MIT researchers are creating tools that synthesize and collect data so that urban planners can vastly improve the quality of urban life.
Imagine your city as it might be in the not-so-distant future.
Transportation in this city is various, pleasant, and low-impact. There are safe and efficient bike lanes, and anyone can order a cheap ride from an autonomous, minimal-emissions vehicle. Because fewer people drive, and almost no one idles in traffic, air quality is high. There are plenty of parks and open spaces because cars are less prevalent. Life in your city is happy, healthy, and sustainable. Your city is, above all, a smart city.
The smart city, like the smart home, is built on and around the “Internet of things,” in which networked products gather, store, and share user data while communicating with one another in order to create improved and highly-efficient living environments. In a smart city, the Internet of things expands outward from the home into a plethora of automated and interconnected urban devices. The communication between and among these devices allows for vast amounts of municipal data to be gathered and eventually analyzed. A smart city leverages its collection of massive data to learn about its residents, showcasing the ways in which smart cities are beginning to transcend the Internet of things, by gathering massive data sets that are gradually helping researchers understand vast and complex networks.

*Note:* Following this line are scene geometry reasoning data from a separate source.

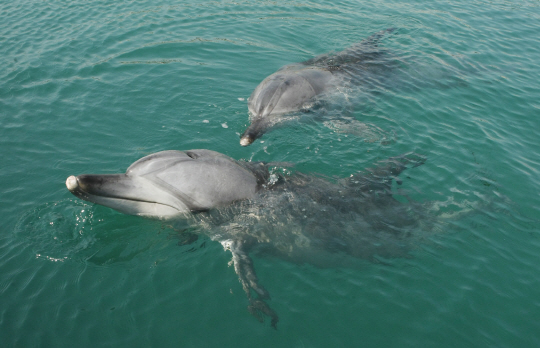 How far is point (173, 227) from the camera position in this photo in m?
7.53

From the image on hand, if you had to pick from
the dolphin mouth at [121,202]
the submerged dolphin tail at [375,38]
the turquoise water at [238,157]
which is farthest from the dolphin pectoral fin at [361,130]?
the submerged dolphin tail at [375,38]

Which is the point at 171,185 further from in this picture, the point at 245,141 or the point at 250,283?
the point at 245,141

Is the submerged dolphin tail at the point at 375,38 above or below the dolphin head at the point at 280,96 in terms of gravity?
above

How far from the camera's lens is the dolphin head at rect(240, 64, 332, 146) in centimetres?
1070

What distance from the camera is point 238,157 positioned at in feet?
32.5

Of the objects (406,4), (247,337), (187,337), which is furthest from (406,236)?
(406,4)

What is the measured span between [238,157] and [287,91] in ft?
8.64

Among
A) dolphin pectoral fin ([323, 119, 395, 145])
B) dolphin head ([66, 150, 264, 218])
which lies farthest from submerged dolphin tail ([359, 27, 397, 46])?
dolphin head ([66, 150, 264, 218])

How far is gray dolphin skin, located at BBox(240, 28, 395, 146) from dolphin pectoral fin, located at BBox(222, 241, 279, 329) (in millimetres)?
3153

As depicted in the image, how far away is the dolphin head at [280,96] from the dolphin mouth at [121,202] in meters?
3.61

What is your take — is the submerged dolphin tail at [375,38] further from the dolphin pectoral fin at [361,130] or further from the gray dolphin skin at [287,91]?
the dolphin pectoral fin at [361,130]

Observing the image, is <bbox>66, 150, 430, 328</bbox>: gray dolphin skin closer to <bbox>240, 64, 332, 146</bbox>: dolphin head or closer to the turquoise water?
the turquoise water

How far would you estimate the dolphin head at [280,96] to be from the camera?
10.7m

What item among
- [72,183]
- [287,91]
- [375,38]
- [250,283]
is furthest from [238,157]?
[375,38] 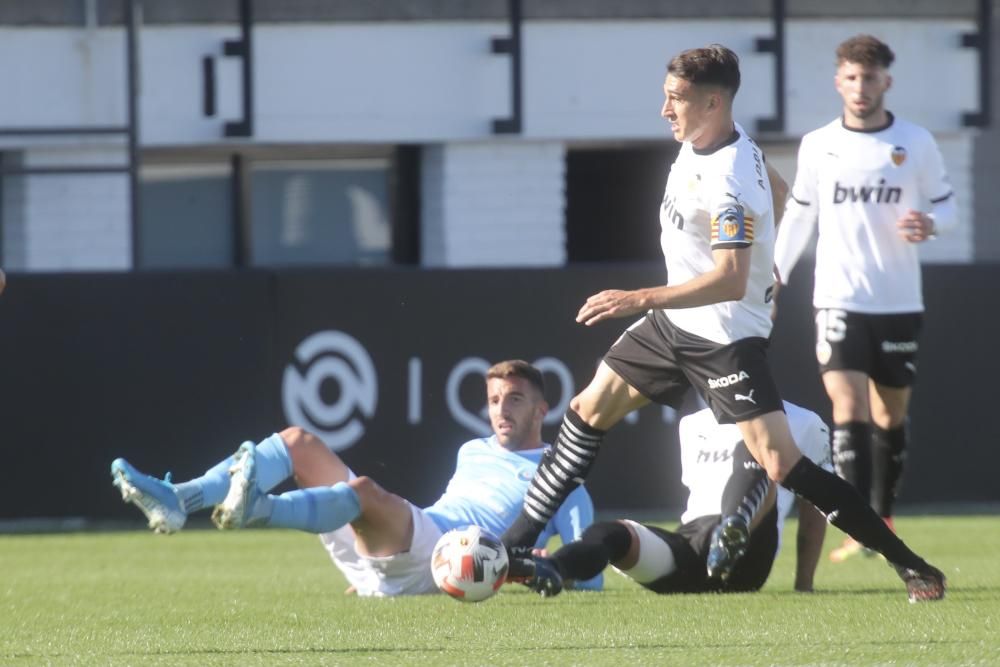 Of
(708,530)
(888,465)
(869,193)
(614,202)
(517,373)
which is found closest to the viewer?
(708,530)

However differently smart cities may be defined or described, underlying them all is an array of interconnected social networks and systems, an understanding of which allows for data-driven urban planning that stands to vastly improve the quality of urban life. Sarah Williams, an Institute for Data, Systems, and Society (IDSS) affiliate and assistant professor of urban design who directs MIT’s Civic Data Design Lab — an urban studies center that uses both data visualization and data collection to identify and understand various urban phenomena — is an example of an urban planner using this data to communicate the complexities of urban life in order to drive decisions. “When data is made comprehensible to a large number of people,” Williams remarks, “it is well-positioned to drive social change. Creating tools that synthesize and collect data transforms how we see the world, at one time showing us the effects of policies while also providing essential information to develop new urban strategies.”
William’s research shows the kind of impact IDSS researchers are having by developing and communicating an understanding of vast and complex urban social networks. At the same time, other IDSS researchers are helping to develop smart technologies that will power future cities, such as autonomous vehicles and smart energy meters, using a systems approach to build effective solutions for the improvement of urban life and the solution of societal problems.

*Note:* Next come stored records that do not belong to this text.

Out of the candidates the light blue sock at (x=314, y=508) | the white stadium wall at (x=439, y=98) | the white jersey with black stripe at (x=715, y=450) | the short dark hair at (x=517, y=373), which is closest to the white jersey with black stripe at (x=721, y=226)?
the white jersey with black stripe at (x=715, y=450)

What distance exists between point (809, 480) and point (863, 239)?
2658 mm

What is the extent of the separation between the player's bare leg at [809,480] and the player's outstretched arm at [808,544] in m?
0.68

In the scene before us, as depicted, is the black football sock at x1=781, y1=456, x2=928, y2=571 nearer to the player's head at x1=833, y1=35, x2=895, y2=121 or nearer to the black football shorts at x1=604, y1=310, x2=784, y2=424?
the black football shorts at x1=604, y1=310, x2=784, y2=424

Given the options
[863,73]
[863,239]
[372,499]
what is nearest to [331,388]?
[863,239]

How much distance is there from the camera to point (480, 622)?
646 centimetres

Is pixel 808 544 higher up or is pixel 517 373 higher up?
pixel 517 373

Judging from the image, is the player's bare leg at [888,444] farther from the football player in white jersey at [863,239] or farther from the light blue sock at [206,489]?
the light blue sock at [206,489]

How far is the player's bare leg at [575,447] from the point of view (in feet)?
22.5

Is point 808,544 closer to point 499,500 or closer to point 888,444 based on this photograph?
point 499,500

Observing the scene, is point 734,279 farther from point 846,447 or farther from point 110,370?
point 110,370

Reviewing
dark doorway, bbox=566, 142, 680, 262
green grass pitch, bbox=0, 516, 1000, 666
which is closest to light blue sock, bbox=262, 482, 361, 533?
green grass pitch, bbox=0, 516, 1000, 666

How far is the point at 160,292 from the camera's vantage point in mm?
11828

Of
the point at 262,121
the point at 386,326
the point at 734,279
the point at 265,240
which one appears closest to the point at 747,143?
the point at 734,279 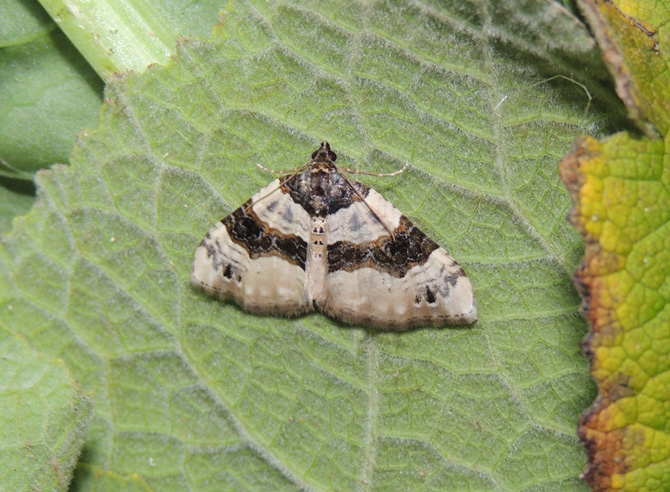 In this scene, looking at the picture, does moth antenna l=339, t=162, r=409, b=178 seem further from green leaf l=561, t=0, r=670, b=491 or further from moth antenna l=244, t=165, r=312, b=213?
green leaf l=561, t=0, r=670, b=491

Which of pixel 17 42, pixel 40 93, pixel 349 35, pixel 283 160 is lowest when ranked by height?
pixel 283 160

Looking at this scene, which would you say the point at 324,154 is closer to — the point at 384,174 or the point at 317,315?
the point at 384,174

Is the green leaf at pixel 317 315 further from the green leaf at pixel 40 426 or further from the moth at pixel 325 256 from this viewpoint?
the green leaf at pixel 40 426

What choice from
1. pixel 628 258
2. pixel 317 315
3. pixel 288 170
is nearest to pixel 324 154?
pixel 288 170

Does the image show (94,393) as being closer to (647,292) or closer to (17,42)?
(17,42)

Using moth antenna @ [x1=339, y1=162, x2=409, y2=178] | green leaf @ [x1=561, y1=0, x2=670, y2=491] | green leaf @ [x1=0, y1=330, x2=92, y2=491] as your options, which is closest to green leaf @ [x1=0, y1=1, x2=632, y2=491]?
moth antenna @ [x1=339, y1=162, x2=409, y2=178]

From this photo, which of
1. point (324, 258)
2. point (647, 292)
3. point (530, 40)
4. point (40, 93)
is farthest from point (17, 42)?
point (647, 292)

Transportation systems in smart cities
Transportation is one of the greatest of those problems, and one of the most essential areas for innovation within the smart city — particularly the promise of autonomous vehicles. Emilio Frazzoli, an IDSS faculty affiliate based in the Department of Aeronautics and Astronautics, has made significant inroads in the area of autonomous vehicle innovation. Frazzoli joined project leader and senior paper author Daniela Rus, the Andrew and Erna Viterbi Professor in Electrical Engineering and Computer Science — as well as other colleagues — in testing an autonomous vehicle pilot scheme last fall in Singapore, where the Singapore-MIT Alliance for Research and Technology (SMART) is based. Over six days, autonomous golf carts were made available to visitors in a large, public garden in Singapore, where passengers could summon them through an online booking station and book rides to and from predetermined points. The small carts, a minimalist version of an autonomous vehicle with a maximum speed of 15 miles per hour, adroitly navigated paths in the garden, making sure to avoid pedestrians and cyclists.

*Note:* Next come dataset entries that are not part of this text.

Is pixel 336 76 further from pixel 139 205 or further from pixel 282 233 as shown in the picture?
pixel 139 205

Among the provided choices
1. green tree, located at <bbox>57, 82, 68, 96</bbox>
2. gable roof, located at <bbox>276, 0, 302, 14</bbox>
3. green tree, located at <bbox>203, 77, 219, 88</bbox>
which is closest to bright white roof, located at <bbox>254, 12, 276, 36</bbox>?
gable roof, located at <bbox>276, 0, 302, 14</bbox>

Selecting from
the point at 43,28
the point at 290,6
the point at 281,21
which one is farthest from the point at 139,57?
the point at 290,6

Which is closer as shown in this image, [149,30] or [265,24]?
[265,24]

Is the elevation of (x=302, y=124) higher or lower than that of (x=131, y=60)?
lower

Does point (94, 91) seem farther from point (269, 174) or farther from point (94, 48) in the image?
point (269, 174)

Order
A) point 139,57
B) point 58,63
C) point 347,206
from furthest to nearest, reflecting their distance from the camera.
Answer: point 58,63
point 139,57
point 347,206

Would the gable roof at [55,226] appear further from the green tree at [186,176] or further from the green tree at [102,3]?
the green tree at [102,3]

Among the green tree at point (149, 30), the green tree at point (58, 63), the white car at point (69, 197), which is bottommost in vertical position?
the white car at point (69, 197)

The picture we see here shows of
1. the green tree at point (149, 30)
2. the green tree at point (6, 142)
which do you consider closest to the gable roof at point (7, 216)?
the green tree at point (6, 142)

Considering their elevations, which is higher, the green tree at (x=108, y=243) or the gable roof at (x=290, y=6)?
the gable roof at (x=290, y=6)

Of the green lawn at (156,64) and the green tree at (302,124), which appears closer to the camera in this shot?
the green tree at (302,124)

Frazzoli is now working to create street-ready autonomous vehicle technology that could transform urban travel in the near future. “If deployed more broadly,” Frazzoli remarks, “autonomous cars have the potential to change how we think of personal mobility, especially in urban settings. Cars that are able to drive autonomously to pick up customers, take them to their destination, and then park themselves (or serve the next customer) can provide a mobility service that is almost as convenient as privately owned cars, with the sustainability of public transportation.”
Another contribution from Frazzoli to autonomous vehicle technology is a mathematical model he developed with Carlo Ratti, a professor of the practice and director of the SENSEable City Lab in MIT’s Department of Urban Studies and Planning. The model plans for an autonomous, or “slot-based,” intersection” (Sl). These intersections remove the need for traffic lights by allowing autonomous vehicles, acting in concert as part of the Internet of things, to communicate with one another to ensure that each arrives at an intersection precisely when a “slot” required to pass through safely becomes available. This process speeds up traffic flow by eliminating unnecessary stoppage, decreasing emissions and increasing efficiency. Frazzoli’s model demonstrates that it is possible to create a city without traffic lights, though such an achievement would require new innovation in other areas, for instance in developing ways for pedestrians and cyclists to move safely along with vehicles through Sl intersections.
Smart incentives
The smartest of smart cities go even further than mechanical and systematic improvements, however, by helping their residents learn how to best conserve resources, including their own money. The large amounts of data gathered on transportation patterns in cities is helping researchers understand and develop incentives that encourage people to adapt their behaviors to a more efficient model, and to make more optimal choices, such as traveling during off peak hours.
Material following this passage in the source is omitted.